▶ _Problem requirements_
I'd like the entire listing output verbatim, apart from the pictures.

▶ _Source material_

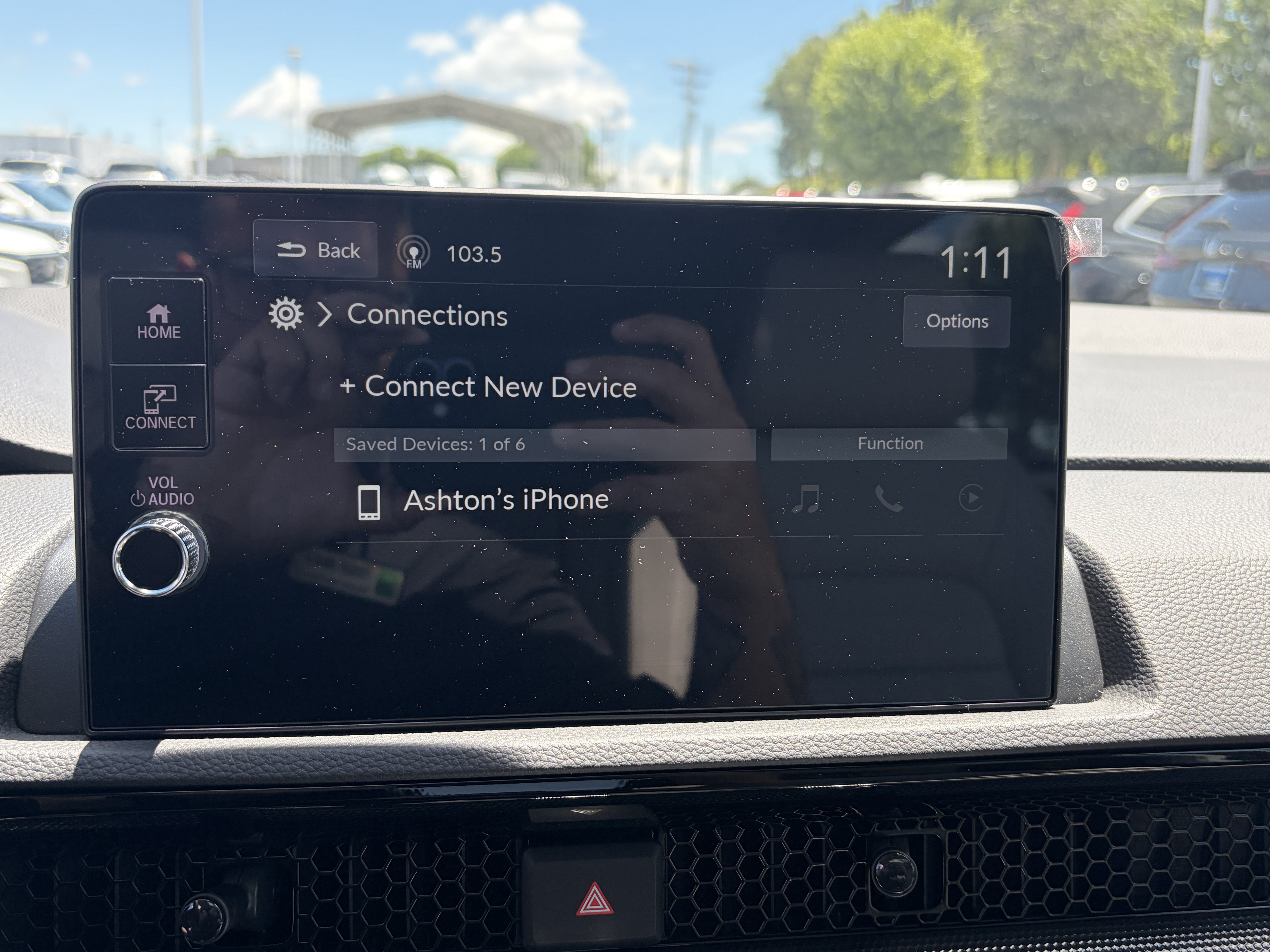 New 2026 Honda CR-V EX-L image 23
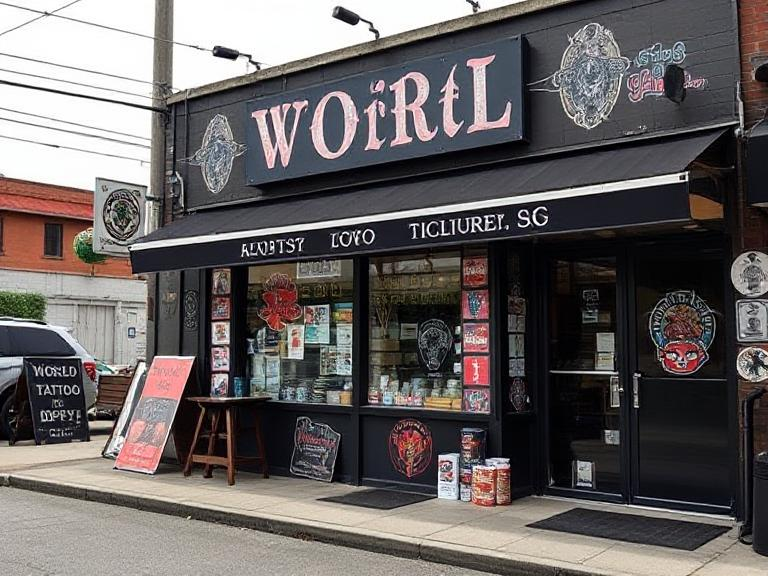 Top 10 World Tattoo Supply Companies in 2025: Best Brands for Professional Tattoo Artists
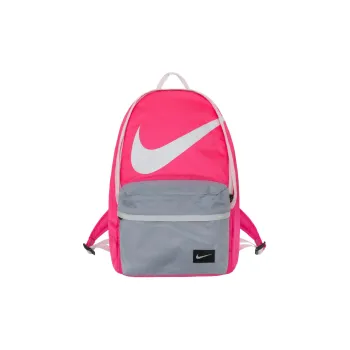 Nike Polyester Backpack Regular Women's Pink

▶ _Completed exercise_
 New 2026 Honda CR-V EX-L image 23
 Top 10 World Tattoo Supply Companies in 2025: Best Brands for Professional Tattoo Artists
 Nike Polyester Backpack Regular Women's Pink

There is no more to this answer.